Lexus’un ilk günden bu yana otomobil tasarımında uyguladığı “yet” felsefesi, zıtlıkların bir araya geldiğinde yarattığı uyumu ifade ediyor. Lexus Tasarım Ödülleri’nin 2017 finalistlerinden muz yaprağı bandaj ve taşınabilir seramik fırını tasarımlarıyla birlikte; Pixel gibi “prototip yapma hakkı kazanan” Structural Color projesi de kendine has bir biçimde yet felsefesinin altını çiziyor.
“Durağan ama değişken” sloganıyla yet felsefesini selamlayan Structural Color projesi, bakış açınıza göre değişkenlik gösteren statik bir yapıdan oluşuyor. Doğada meydana gelen olaylardan ve nano yapılardan esinleniyor. Tasarımcı Jessica Fügler bu durumu şöyle açıklıyor: “Doğada gördüğümüz renkler, pigmentlerden kaynaklanmıyor. Işığın titreşme, kırılma ve dağılma gibi optik olaylarla bükülmesi gibi olaylardan kaynaklanıyor. Bu olayların temelinde ise “mikroskobik yapısal özellikler” yatıyor. Örneğin, kuş tüylerindeki veya kelebek kanatlarındaki hücresel yapılar bu mikroskobik yapısal özellikler arasında sayılabilir. Projem için yüzeyleri, izleyicinin bakış açısına göre değişen büyük ölçekli yapılar yarattım ve doğada bulunan bu olayı soyut bir şekilde ortaya koymak istedim.”.
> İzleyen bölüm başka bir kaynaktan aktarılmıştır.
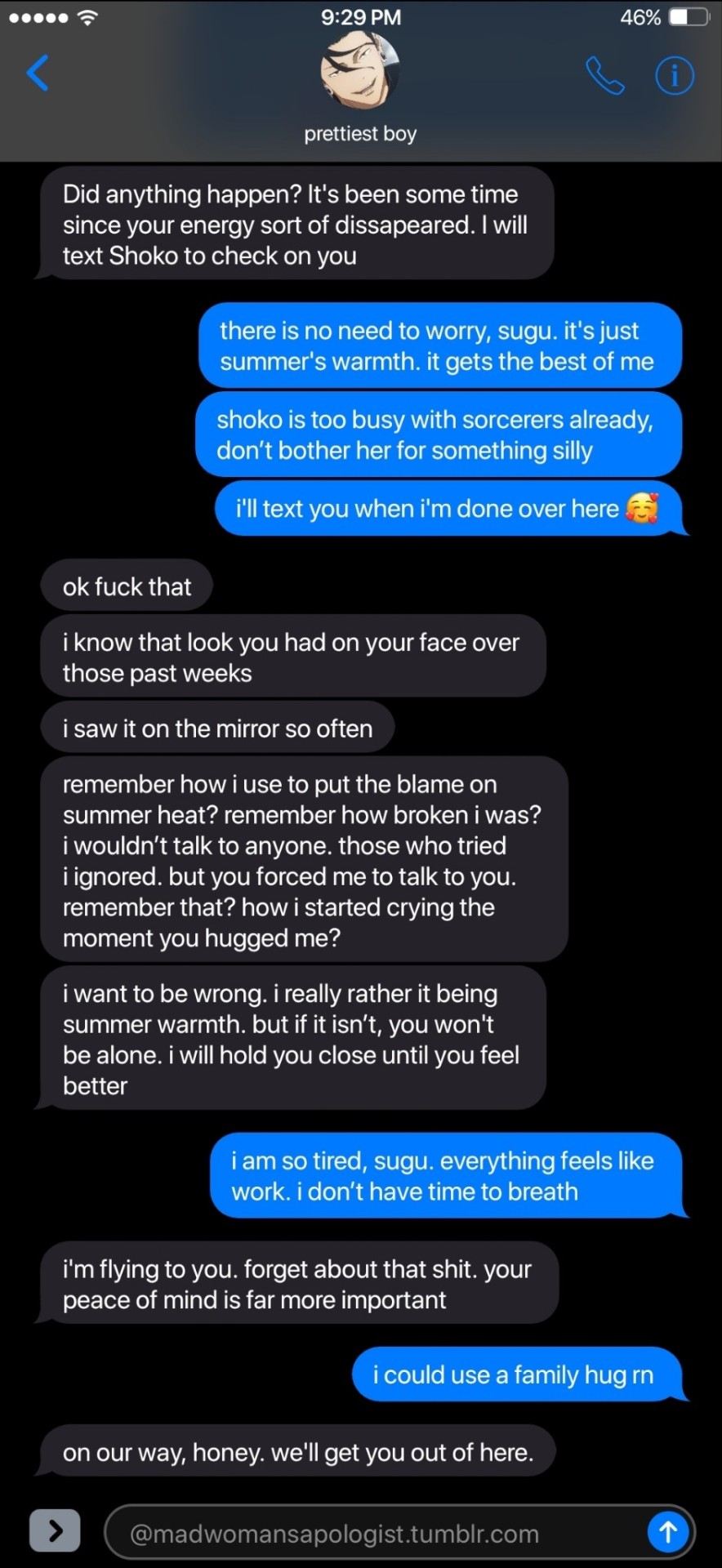 YOU'RE NOT FINE. I CAN SEE IT.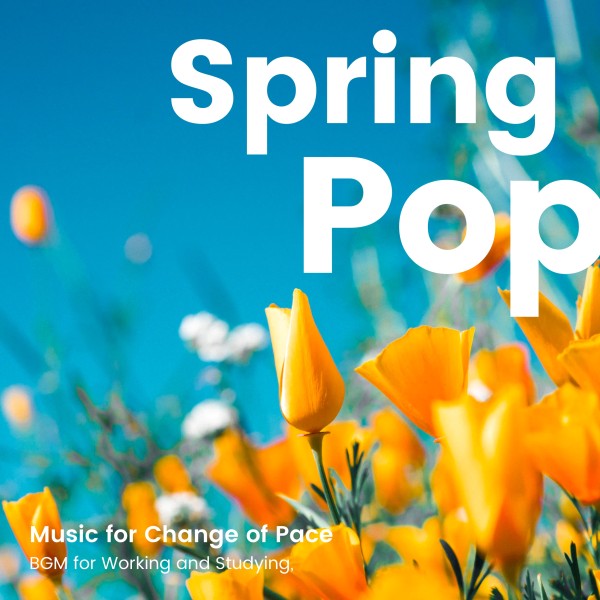 春ポップBGMで仕事や勉強を気分転換 -Spring Pop Music-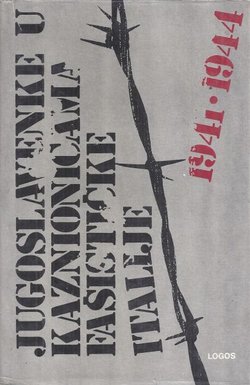 Jugoslavenke u kaznionicama fašističke Italije 1941-1944 (Dokumentarna građa)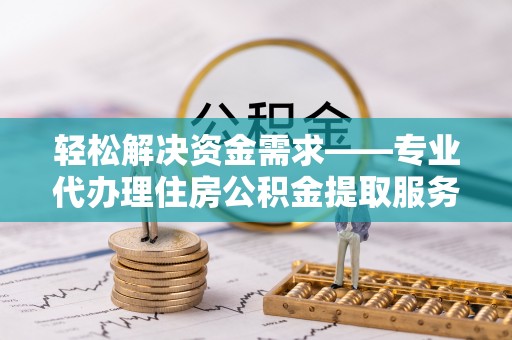 华亭轻松解决资金需求——专业代办理住房公积金提取服务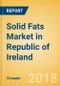 Solid Fats (Oils and Fats) Market in Republic of Ireland - Outlook to 2022: Market Size, Growth and Forecast Analytics - Product Thumbnail Image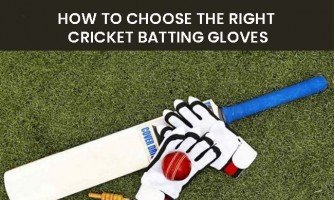 HOW TO CHOOSE THE RIGHT CRICKET BATTING GLOVES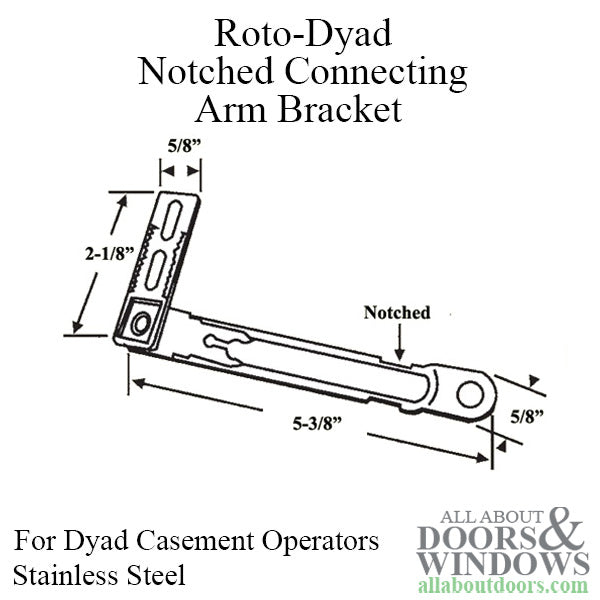 5-3/8 Inch Notched Stainless Steel Roto-Dyad Connecting Arm Bracket for Dyad Casement Operators - 5-3/8 Inch Notched Stainless Steel Roto-Dyad Connecting Arm Bracket for Dyad Casement Operators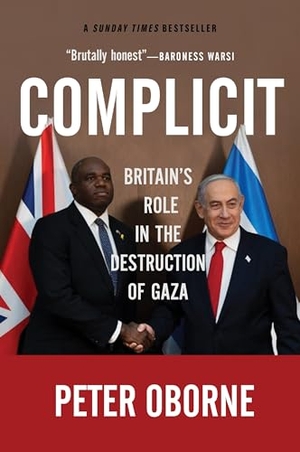 Oborne, Peter. Complicit - Britain's Role in the Destruction of Gaza. OR Books, 2025.
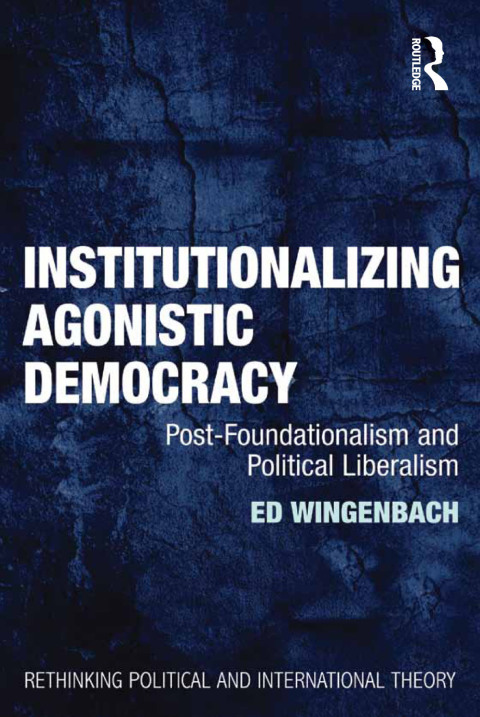 Cover image for book Institutionalizing Agonistic Democracy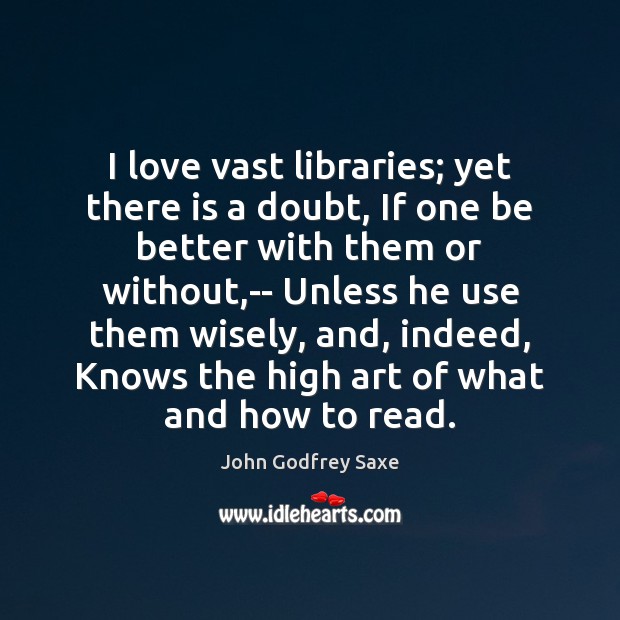 I love vast libraries; yet there is a doubt, If one be John Godfrey Saxe Picture Quote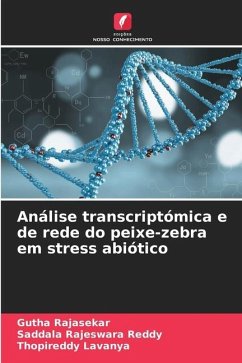 Análise transcriptómica e de rede do peixe-zebra em stress abiótico - Rajasekar, Gutha;Reddy, Saddala Rajeswara;Lavanya, Thopireddy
ABD’li tasarımcı Jessica Fügler, Royal College of Art’ın Tasarım Ürünleri programından mezun. Tasarım fikrini, bilime ve kültüre olan merakına ve araştırma hevesine borçlu olduğunu söylüyor. Fügler’in prototip danışmanı, başka bir deyişle tasarımını hayata geçirmesine yardımcı olan Elena Manferdi ise Venedik ve Kaliforniya’da ofisleri bulunan Atelier Manferdini’nin kurucusu ve sahibi. Manferdi, Los Angeles’taki Çağdaş Sanat Müzesi Pavyonu da dahil olmak üzere ABD, Avrupa ve Asya’da pek çok tasarım, sanat ve mimari projelerini hayata geçirmiş deneyimli bir isim. Şimdiye kadar Swarovski, Sephora gibi büyük markalarla çalışmış olmasının yanı sıra işleri Elle, Vogue ve New York Times gibi mecralarda yer almış.